Opinion

In search of justice: The ICC and power politics

The outcome of the International Criminal Court (ICC) Review Conference on the crime of aggression is further confirmation of the Court’s susceptibility to power politics. Powerful states (including the United States, which is not a party to the Rome Statute of the ICC) insisted that the UN Security Council be the primary trigger for ICC jurisdiction over this crime, knowing this would allow them to block certain cases from going forward. Government delegates left Kampala two weeks ago with an agreement to postpone the Court’s authority over the crime of aggression for another seven years and a definition of the crime that prevents strong enforcement powers once the Court has jurisdiction.

The crime of aggression is broadly defined as the use of armed force by one state against another in contravention of the UN Charter. However, unlike other crimes enshrined in the Rome Statute–war crimes, genocide and crimes against humanity–the agreement in Kampala gives states that are “parties” to (or members of) the Court an opt-out clause on aggression. Member states can simply declare to the ICC that they do not accept its jurisdiction over this particular crime. The Court has no jurisdiction over acts of aggression committed on the territory or by the nationals of non-member states. Thus the UN Security Council–dominated by the political interests of the permanent five members–offers the only possibility for determining and dealing with acts of aggression by non-members or by non-consenting members.

The agreement in Kampala therefore raises further questions about whether the Court will ever be truly universal in its ability to protect people from the worst forms of abuse. The ICC, like any international mechanism intended to promote human rights, faces the impossible task of acting morally in a political world characterized by power inequalities, domination and violence. Because the Court lacks an independent enforcement capacity, it must often accommodate itself to political power instead of challenging it.
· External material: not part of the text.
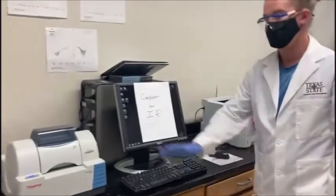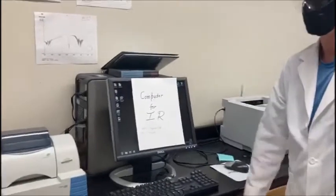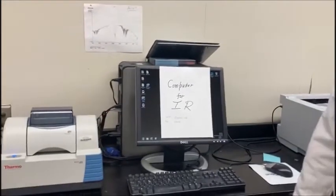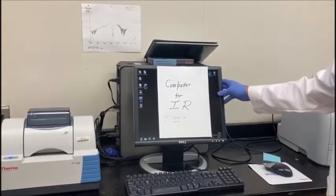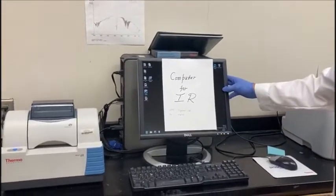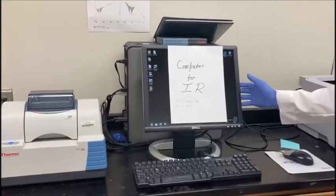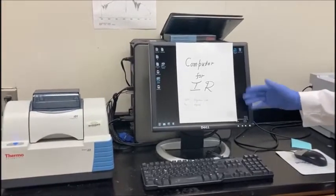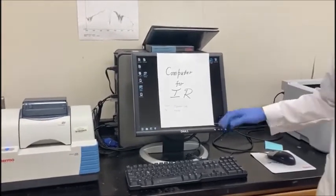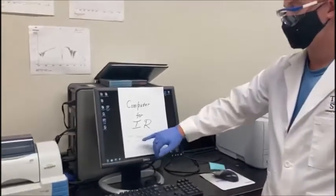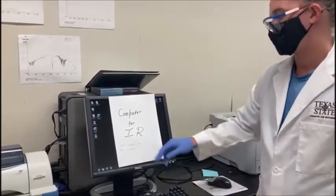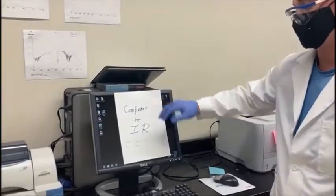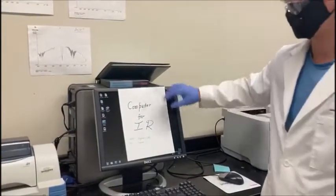Normally this should be logged in for you, but if it's ever not and you need to run an IR, the username is organic-lab and the password is organic.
This is evident at both the local and global levels. At the local level, the ICC depends upon states to assist in investigations and prosecutions. In the Uganda case, for example, the ICC has enjoyed a close working relationship with Ugandan political and military authorities. The Ugandan military–itself responsible for horrific crimes against its own people as well as against Congolese civilians during its invasions of the Democratic Republic of the Congo in 1996 and 1998–has accompanied ICC investigators on their interviews with victims and witnesses. In exchange for this cooperation, the ICC appears to have left the prosecution of government crimes to the government itself.

This accommodation to Ugandan government interests does not make sense to many people in northern Uganda. Why, they ask, should the ICC not hold the government equally accountable for war crimes, including the long-term forced displacement of over a million people and their internment in squalid camps? They do not share the ICC’s faith in the government to impartially prosecute itself, and see this as a clear example of double standards, whereby international mechanisms are used only to deal with declared enemies of the state. That victims were asked to play in a football match on team “Dignity”, led by President Museveni as a curtain raiser to the conference, reflects an utter lack of sensitivity to victims of Ugandan government crimes.
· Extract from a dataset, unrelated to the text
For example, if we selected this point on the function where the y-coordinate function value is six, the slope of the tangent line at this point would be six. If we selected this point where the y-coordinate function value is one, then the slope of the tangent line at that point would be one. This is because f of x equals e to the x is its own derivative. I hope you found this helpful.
At the global level, in an effort to boost its enforcement capabilities, the Court is flirting with a government that not only refuses to abide by international law but that itself has been accused of aggression: the United States. The ICC’s appeals to the US to assist in apprehending suspects is taking place as the Obama administration has declared its interest in working more closely with the Court–not with the intent of becoming a party to the Rome Statute, but to help execute arrest warrants. An alliance between the US and the ICC that fails to demand US ratification of the ICC treaty is a perfect example of the Court accommodating itself to political power and risks providing justification for the direct use of US military force under the guise of capturing war criminals.

The sad reality is that the world’s worst crimes will go unpunished when committed by powerful actors like the US. The agreement reached at the ICC Review Conference further entrenches this politicized impunity. Victims of less spectacular but equally deadly forms of violence and repression–such as economic exploitation, external sponsorship of violent states and political forces, internationally-enforced disparities in access to medicines, trade regimes that undermine food sovereignty and security, violence against women that takes place during so-called peacetime–will remain in the shadows of global justice. Those demanding accountability for the strangulation of Gaza, for the US invasions and occupations of Iraq and Afghanistan, for the dumping of toxic waste and theft of resources from Somali waters, for BP’s negligence and “earthicide” in the US Gulf Coast, for the assassination of civilians by private companies like Blackwater, are demanding justice from the world’s most powerful players despite having few resources and forms of support.

Ideally, the ICC could assist these struggles, but instead it will remain subject to global politics. While providing some repair for select victims, the Court will remain unable to address vast forms of injustice throughout the world.

Samar Al-Bulushi is an independent researcher examining the influence of external actors on peace and justice debates in Africa. Adam Branch is assistant professor in the Department of Political Science at San Diego State University.